Others, however, argue that Swift has invited public scrutiny. Throughout her career, Swift has appealed to fans with Easter eggs that hint at album releases, tours or fandom lore. Aspects of this appeared in her engagement post, as online fans noticed in one of the engagement photos that the time on her watch appears to add up to 13, which is Swift’s lucky number.
Junior Audrey Powell said this brand of public scrutiny that Swift has built can become problematic.
“Engagement is a part of your life that’s very sacred,” Powell said. “Putting in little details for your fans, maybe not even intentionally, but that fans pick up on, because that’s the brand that you’ve built, can make you more of a force in these people’s lives than you should be.”
Junior Jonah Swartz said he felt like the phrasing of the Instagram caption itself was catered to the public more than it was an expression of love between Swift and Kelce.
“There was nothing about him. There was nothing about them,” Swartz said. “I don’t think in an engagement post you should be talking about the other people who are perceiving the engagement.”
Nathan Schlueter, a professor of philosophy and religion, said he believes that the obsession with celebrities’ private lives coincides with an obsession with romance that is problematic for the culture.
“I think our culture is saturated with a kind of perverse romanticism,” Schlueter said. People don’t notice it as much as they notice the obscene things like pornography and hook up culture, but I think that the infatuation with romantic themes is maybe equally dangerous.”
Schlueter said despite the infatuation with romance, Swift and Kelce’s engagement could be good for the secular culture to see the end goal of a relationship as marriage.
“In our culture dating is romantic and marriage is boring, but I think the reverse is true, so I’m excited to see what happens,” Schlueter said. “Without marriage, romantic love doesn’t make any sense.”
Throughout her career, Swift has written songs, such as “Love Story” and “Paper Rings” where marriage or engagement is the happy, end goal of the relationship.
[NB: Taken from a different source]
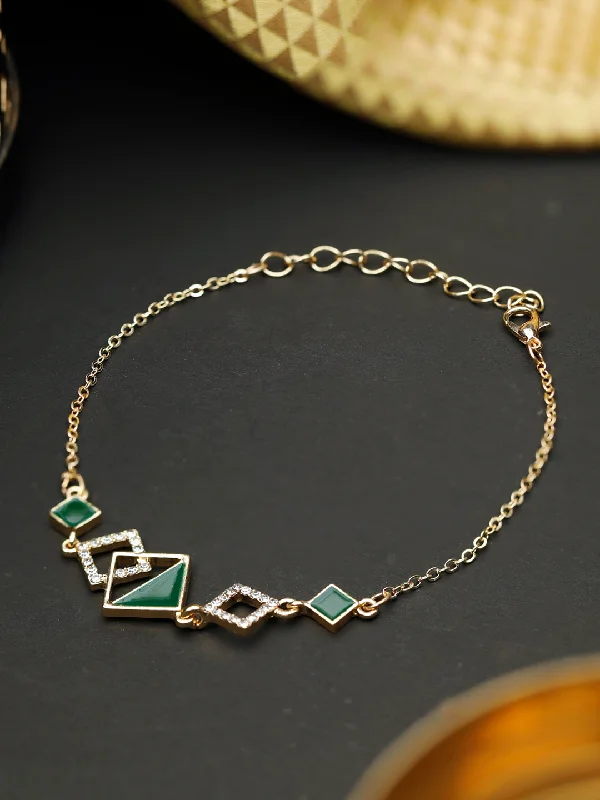 women’s friendship bracelet-Priyaasi Women Green Gold Plated Geometric Link Bracelet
She even talks about marriage being the proof of the love that exists in some of her break-up songs, such as “So Long, London.”
“You swore that you loved me, but where were the clues?/ I died on the altar waitin’ for the proof,” she sings.
Junior Cole Timmler said even though it might not be the perfect example of a Christian marriage, Swift’s marriage could be a good example for her fans that look up to her as a role model.
“For a lot of women Swift is a big role model, so if she’s happy about marriage, then hopefully it will get the general public excited about the idea of marriage,” Timmler said.
Hubartt said the public’s excitement about Swift and Kelce’s engagement shows that the culture still values marriage, even if it does not realize its full importance.
“It’s neat to see that, for some people, marriage still is a big deal even though it’s so often minimized in our culture,” Hubartt said.
Schlueter said he hopes their marriage is fruitful, and is glad of their marriage as a signal that even high profile celebrities believe in marriage as the end goal of a relationship.
“It’s nice to see, just at a minimum, that there are two big celebrities who think that love should get expressed in marriage, that’s a really great public signal,” Schlueter said. “Marriage has a way of changing you, if you let it, and changing the way you see the world. So I think it’s great they’re getting married.”